Further, as mentioned above, Random Forest model is not easy to be interpreted but we can see which predictors with high variable importance meaning that those predictors or variables are the most important in model creation. Based on the result above, top 5 predictors with the highest importance percentage are: HOURS_BACKEND, HOURS_DATASCIENCE, AVG_SCORE_FRONTEND, AVG_SCORE_DATASCIENCE, HOURS_FRONTEND.
Thus, seeing the predictors importance pattern, it can be seen that number of hours used for studying and average completion score are very important and most probably have a significant influence for classifying each student tech profile.

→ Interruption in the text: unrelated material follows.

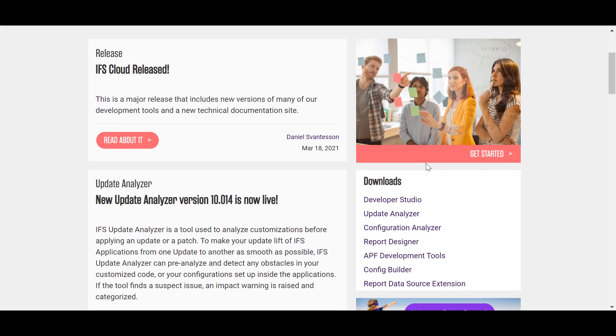This is a one-stop shop for developers to access technical documentation, developer guides and most importantly our developer tools.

Overall, the initial objective to create a good model has been achieved via Random Forest algorithm. Tortuga Code, as an online education platform, can use the model created (profile_forest) to classify each student’s tech profile and prepare a specific promotional catalog for their student candidate. Referencing to the catalog, student candidate will know which type of courses should be taken per their own interest, how long it will take to be completed, and the average score needed for course completion.